Before presenting a video from a meeting at which refugees talk about their disenfranchised position and their correspondence with St. Petersburg officials, here is a historical background. It clearly shows how the Bolshevik Jews in the 30s of the twentieth century squandered Russian lands in favor of the Caucasian peoples, who were at a low evolutionary level.

Historically, these lands have never belonged to the wild tribes of the highlanders

By the decision of the Organizing Bureau of the Central Committee signed by the chairman of the Central Executive Committee Y. Sverdlov In the fall of 1920, about 9 thousand families (or approximately 45 thousand people) of Terek Cossacks were evicted from a number of villages and deported to the Arkhangelsk province. The unauthorized return of the evicted Cossacks was suppressed. The freed up land was transferred to the mountainous Ingush and Chechen poor.
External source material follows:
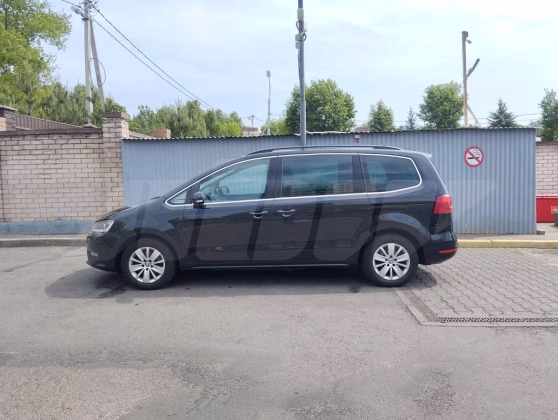 Volkswagen Sharan (1)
Already in 1920, the peasants of Checheno-Ingushetia were given part of the private plots and a significant amount of land taken from the Cossacks. Under the district revolutionary committees, including the Chechen one, land departments were created. Peasants-mountaineers, at the direction of V. I. Ulyanova-Blanca was assisted by seed material, food and manufactory. In 1920, Ingushetia alone received 48,843 tithes of land from Soviet power, on which 243 families were accommodated.

During 1921-1923, 5/6 of the population of mountainous Ingushetia moved to flat areas and received land plots there. In November 1920, the lands of the villages of Ermolovskaya, Romanovskaya, Samashkinskaya and Mikhailovskaya were transferred to Chechnya. The poor peasants resettled from the mountains were given funds for the construction of housing. All agricultural implements requisitioned from the Cossacks were transferred to their use. The Soviet government provided great assistance to the Chechen-Ingush peasantry during this period. In the summer of 1921, Chechnya received 30 wagons of flour from the central regions of the country, and in July 1922 it was allocated agricultural machinery.
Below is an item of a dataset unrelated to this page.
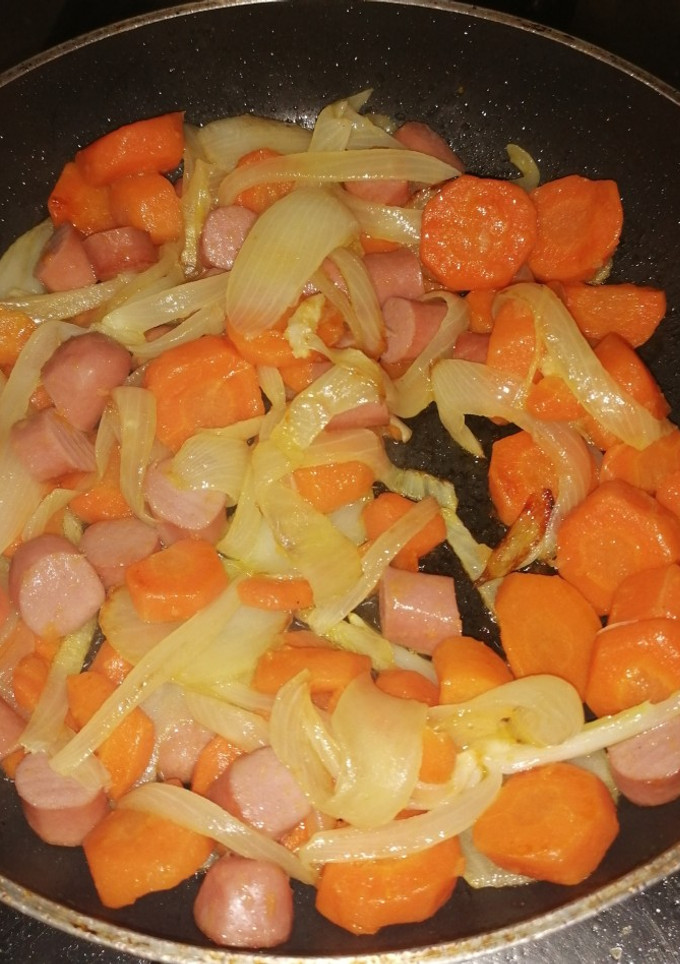 Una foto de Zanahoria, cebolla y salchichas caramelizadas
In an effort to alleviate the situation of the resettled highlanders, the All-Russian Central Executive Committee adopted a decree on July 20, 1922, according to which they received a one-year agricultural tax relief. As a result of the measures taken, Chechnya already in 1921 and 1922 received 58,796 dessiatines of convenient for cultivation land, which housed 12,116 peasant farms. By 1923, the pre-revolutionary land area of Chechnya had increased by 110,400 dessiatines. By the beginning of 1923, Chechnya and Ingushetia received 164,295 dessiatines of convenient land. The lands transferred to Ingushetia were already completely inhabited by 1923, and in Chechnya by the end of 1923 about 33,000 dessiatines of lands were still unsettled. During 1924-1925, another 46,000 acres of land were allocated to Chechnya from state funds.